> _What needs to be done_: Among the entries below, copy only the span from the line containing "White Gold Opal Pendant Side View" through the line containing "Offre Spéciale eau". Do so exactly, and skip the pictures.

> _Material shown_:
* * *

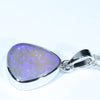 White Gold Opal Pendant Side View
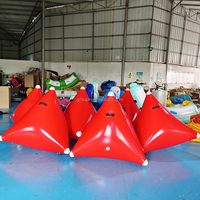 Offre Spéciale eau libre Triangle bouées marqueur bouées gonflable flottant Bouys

* * *

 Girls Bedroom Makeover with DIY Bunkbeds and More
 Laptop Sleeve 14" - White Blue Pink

* * *

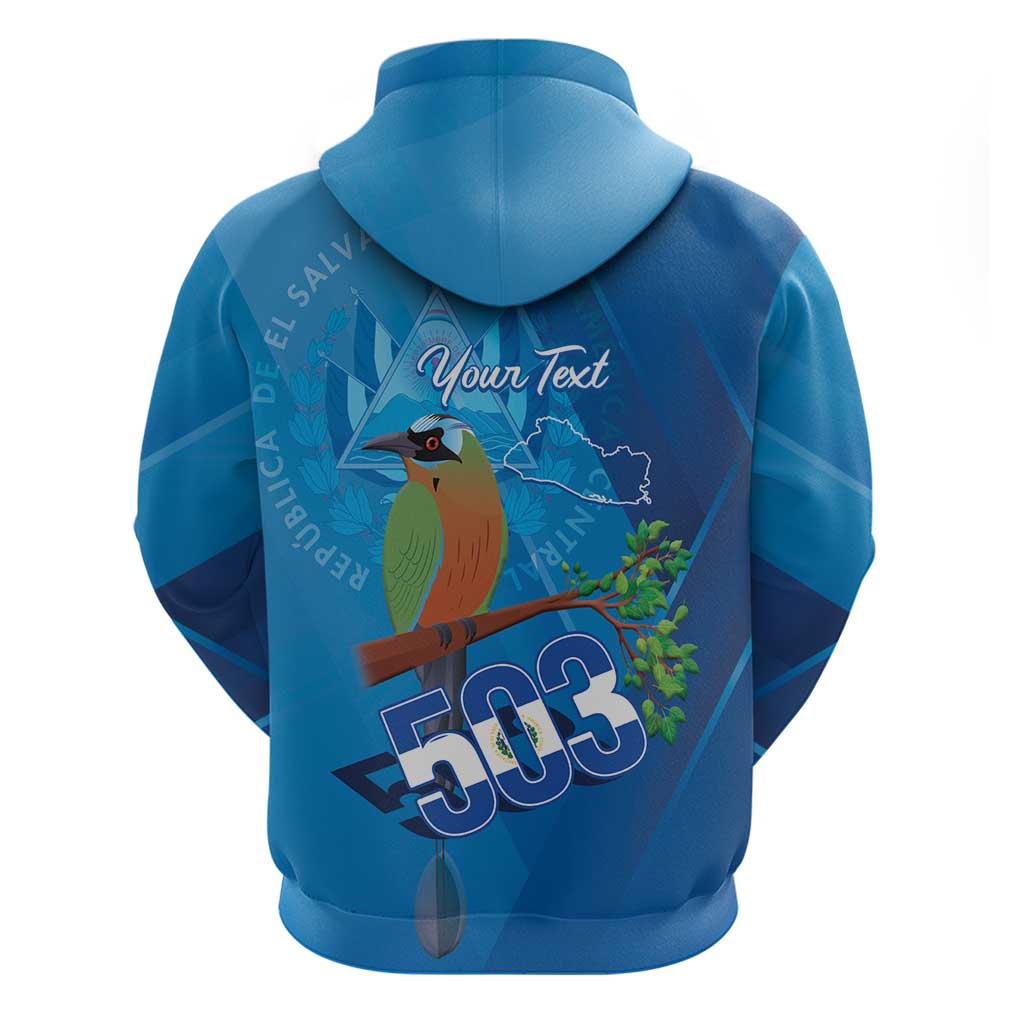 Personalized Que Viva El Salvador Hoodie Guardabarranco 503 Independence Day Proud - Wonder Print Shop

* * *

> _Written response_:
 White Gold Opal Pendant Side View
 Offre Spéciale eau libre Triangle bouées marqueur bouées gonflable flottant Bouys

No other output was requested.